Movimentos, ideias, preconceitos, instituições, conflitos são todos, sem dúvida, importantes. Todavia, ainda restam os indivíduos, no fim não muitos, que tiveram de dizer “sim,” “em frente” e irromper a guerra, ou “não” e detê-la. Alguns eram monarcas hereditários com grande poder – o Kaiser da Alemanha, o Czar da Rússia e o Imperador da Áustria-Hungria; outros – o presidente da França, os
primeiros-ministros da Inglaterra e da Itália – engastados em regimes constitucionais. Foi, em retrospecto, a tragédia da Europa e do mundo o fato de nenhum dos personagens-chave em 1914 ser um grande e criativo líder com coragem para enfrentar as pressões que conduziam ao conflito. De certa forma, qualquer explicação de como eclodiu a Grande Guerra deve balancear as grandes correntezas do passado com o papel dos seres humanos levados por ela, mas que às vezes mudaram seu curso.

É fácil erguer mãos para o céu e dizer que a Grande Guerra foi inevitável, mas trata-se de ideia perigosa, especialmente em tempo como o nosso, que em alguns aspectos, não em todos, parece aquele mundo sumido dos anos anteriores a 1914. Nosso mundo enfrenta desafios semelhantes, alguns de ordem revolucionária e ideológica, como o crescimento de religiões militantes e movimentos sociais de protesto; outros advêm da tensão de nações em crescimento ou em declínio, como a China e os Estados Unidos. Precisamos considerar seriamente como nascem as guerras e como podemos preservar a paz. Nações se confrontam, como fizeram antes de 1914, no que seus líderes imaginavam ser um jogo de blefes e contrablefes que julgavam manter sob controle. Apesar disso, subitamente a Europa passou da paz para a guerra, apenas nas cinco semanas que se seguiram ao assassinato do Arquiduque. Em crises anteriores, tão graves como a de 1914, a Europa não ultrapassou os limites. Seus líderes – e grande parcela de seus povos os apoiou – preferiram resolver as questões e preservar a paz. O que aconteceu de forma diferente em 1914?
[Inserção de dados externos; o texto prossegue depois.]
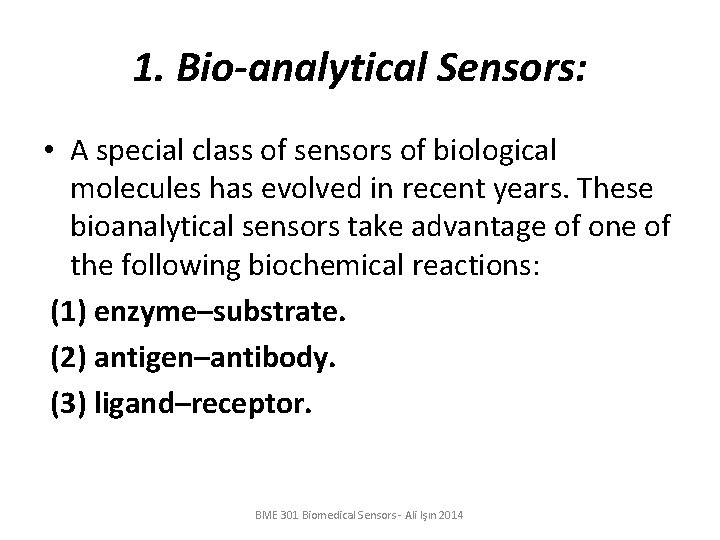 1. Bio-analytical Sensors: • A special class of sensors of biological molecules has evolved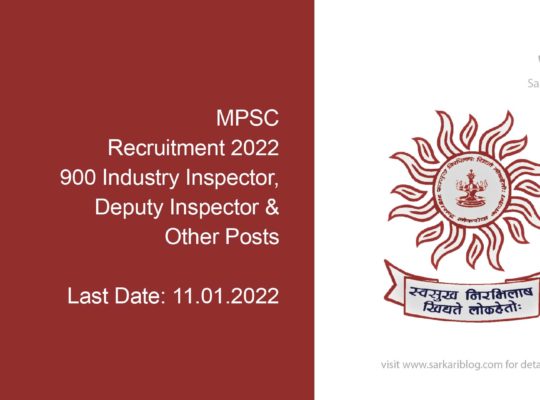MPSC Recruitment 2022, 900 Industry Inspector, Deputy Inspector & Other Posts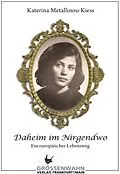 E-Book (epub) Daheim im Nirgendwo von Katerina Metallinou-Kiess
Comecemos imaginando uma paisagem com gente a caminhar. O solo, a vegetação, os morros, os riachos todos são componentes importantes da Europa, desde a economia à estrutura social; enquanto as brisas são as correntes de pensamento que modelavam opiniões e pontos de vista europeus. Suponha que você é um dos caminhantes. Terá opções diante de si. O tempo está bom, embora possa notar algumas nuvens escuras no céu. O caminho à sua frente é fácil pelo terreno plano. Você sabe que deve continuar caminhando porque o exercício faz bem e, afinal, você quer chegar a um destino em segurança. Também sabe que, à medida que avança, deve tomar certo cuidado. Pode ser que apareçam animais inamistosos, que haja cursos de água a atravessar e alguma encosta íngreme. Mesmo assim, não passa por sua cabeça esbarrar num deles de maneira fatal. Você é um andarilho experiente e muito sensato.

Em 1914, no entanto, a Europa desabou do penhasco e mergulhou em um conflito catastrófico que iria matar milhões de seus homens, exaurir suas economias, abalar e rebentar impérios e sociedades e solapar definitivamente o domínio europeu do mundo. As fotografias de multidões aplaudindo nas grandes capitais são enganosas. A eclosão da guerra pegou de surpresa a maioria dos europeus, e sua reação inicial foi de espanto e choque. Tinham nascido e vivido acostumados à paz. O século desde o fim das guerras napoleônicas fora o mais pacífico na Europa desde o Império Romano. É verdade que guerras houvera, porém de natureza colonial distante, como a dos zulus na África meridional, ou na periferia europeia, como a Guerra da Crimeia, ou ainda, curtas e decisivas, como a Guerra Franco-Prussiana.

O solavanco final rumo à guerra só precisou de pouco mais de um mês, entre o assassínio do arquiduque austríaco em Sarajevo, em 28 de junho, e a eclosão de uma guerra geral europeia em 4 de agosto. No fim, as decisões cruciais daquelas semanas que levaram a Europa à guerra foram tomadas por um grupo surpreendentemente pequeno de homens (e eram todos homens). Para entender como agiram, porém, devemos ir mais para trás e examinar as forças que os moldaram. Precisamos compreender as sociedades e instituições das quais foram o produto. Devemos tentar entender os valores e as ideias, as emoções e os preconceitos que os enformaram quando olharam o mundo. Também devemos nos lembrar de que, com uma ou duas exceções, mal faziam ideia de aonde estavam levando seus países e o mundo. Nesse aspecto, estavam muito bem sintonizados com o tempo em que viviam. Para a maioria dos europeus, uma guerra geral era algo impossível, improvável ou fadada a terminar rapidamente.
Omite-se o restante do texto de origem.